Help me process this data in parallel

Hi everyone.
I have a simple function that turns each row of a matrix into a seismic trace (Seis.jl format) and filter it.

Can you guys help me turn this into a parallel function? Like several cores filtering one trace at the same time? I have 8 cores i guess I can run this is several of them to gain some speed!

Thanks a lot.

function bpdas(strainrate, time, offset, f1, f2; poles=2)
# Begin
bpstrainrate=copy(strainrate);
set up some trace information
b=0.0;
delta=time[2]-time[1];
# Bandpass Filtering Loop
for i =1:size(offset,1)
dastrace=Trace(b, delta, strainrate[i,:]) write the data to trace format
bandpass!(dastrace, f1, f2; poles) #filter in place
bpstrainrate[i,:]=trace(dastrace); #safe to global variable
end
return bpstrainrate
end

function bpdas(strainrate, time, offset, f1, f2; poles=2)
# Begin
    bpstrainrate=copy(strainrate);
#Set up some trace information
    b=0.0;
    delta=time[2]-time[1];
# Bandpass Filtering Loop
    Base.Threads.@threads for i =1:size(offset,1)
        dastrace=Trace(b, delta, strainrate[i,:]) #write the data to trace format
        bandpass!(dastrace, f1, f2; poles) #filter in place
        bpstrainrate[i,:]=trace(dastrace); #safe to global variable
    end
    return bpstrainrate
end

Provided I understand the data.

I will give it a go :).
Is it necesary to start julia like this for it to work

julia -p 6

Just it case, all the rows strainrate[i,:] are independent from each other so every loop repetition is also independet.
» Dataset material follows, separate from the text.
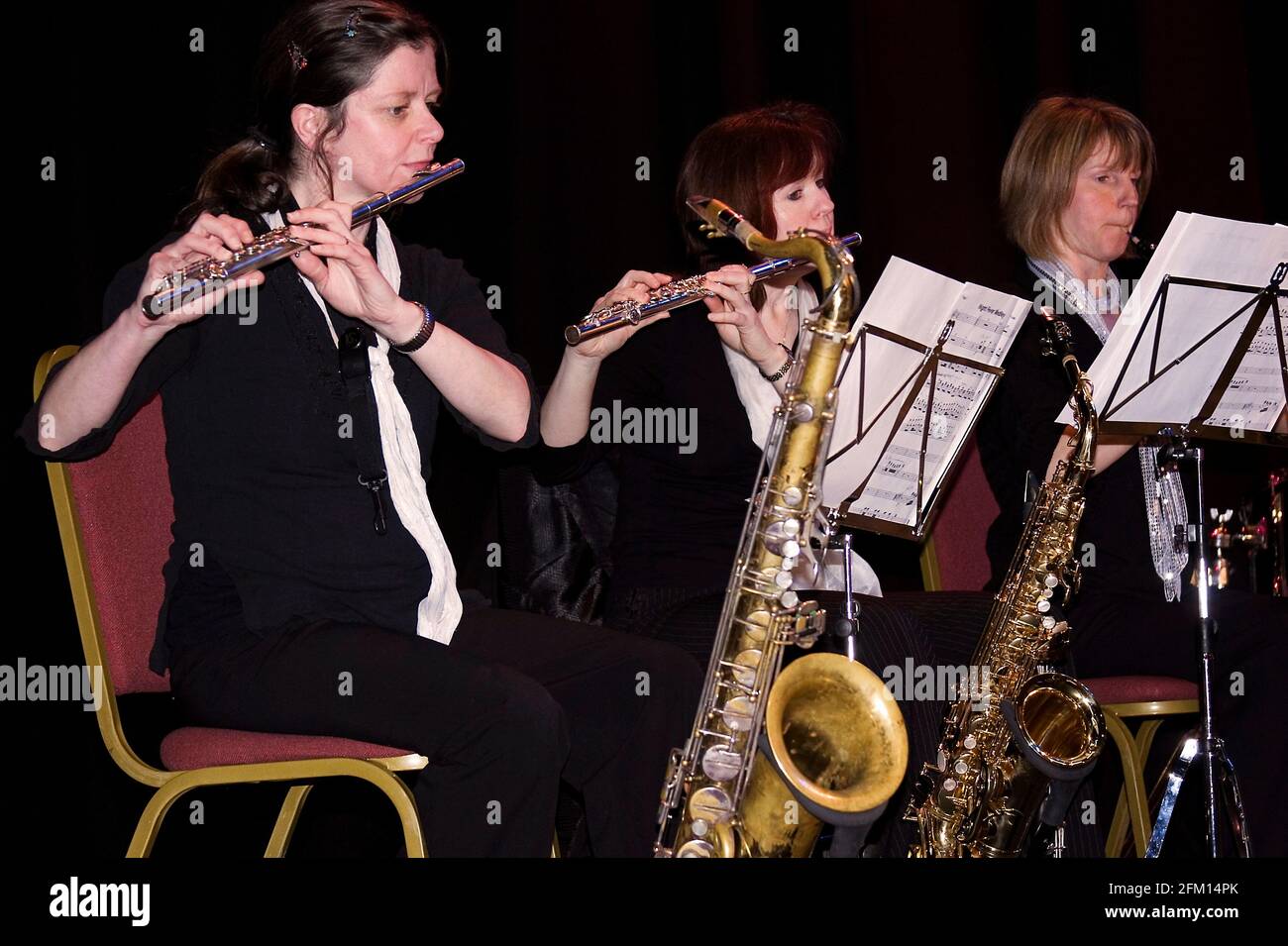 Flautists in concert Stock Photo Alamy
If that helps hehehe

This is multiprocessing not multithreading (which is what Threads.@threads uses). You should only really use one or the other on a single machine.

In your case, you would need to start with more threads, e.g:

julia --threads=auto

Or to start with 4 threads

julia --threads=4

This can also be done with an environment variable, or there’s even a setting in VS code for it too.

If I want to process each i in a different hardware (processor, thread, worker, i don’t know)… is the macro doing this?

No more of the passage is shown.